[[ Given material open ]]
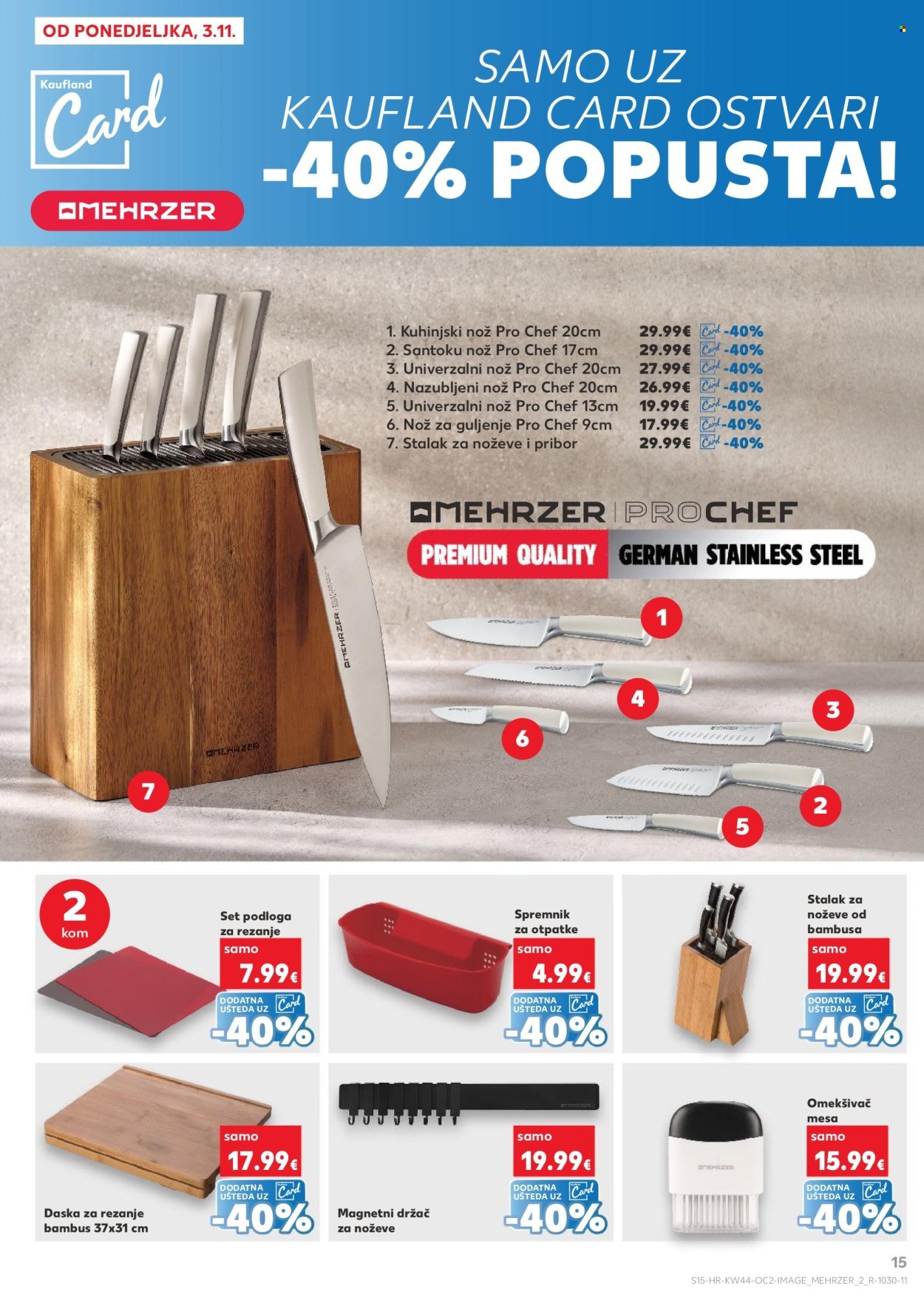 KAUFLAND katalog - Od srijede 29.10.2025.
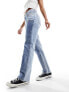 Фото #1 товара Levi's 501 '90s panel straight fit jeans in light blue wash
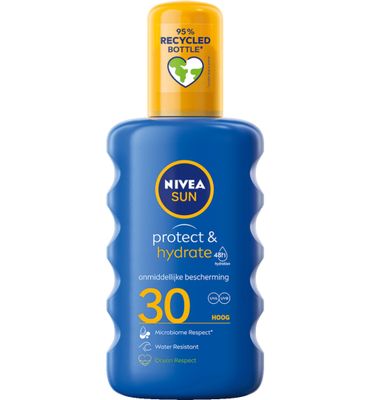 Nivea Sun protect & hydrate zonnespray SPF30 (200ml) 200ml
[[ Given material closed ]]
__Task to complete__
Each line of the listing above should be retyped exactly, with no pictures.

__Reply__
 KAUFLAND katalog - Od srijede 29.10.2025.
 Фото #1 товара Levi's 501 '90s panel straight fit jeans in light blue wash
 Nivea Sun protect & hydrate zonnespray SPF30 (200ml) 200ml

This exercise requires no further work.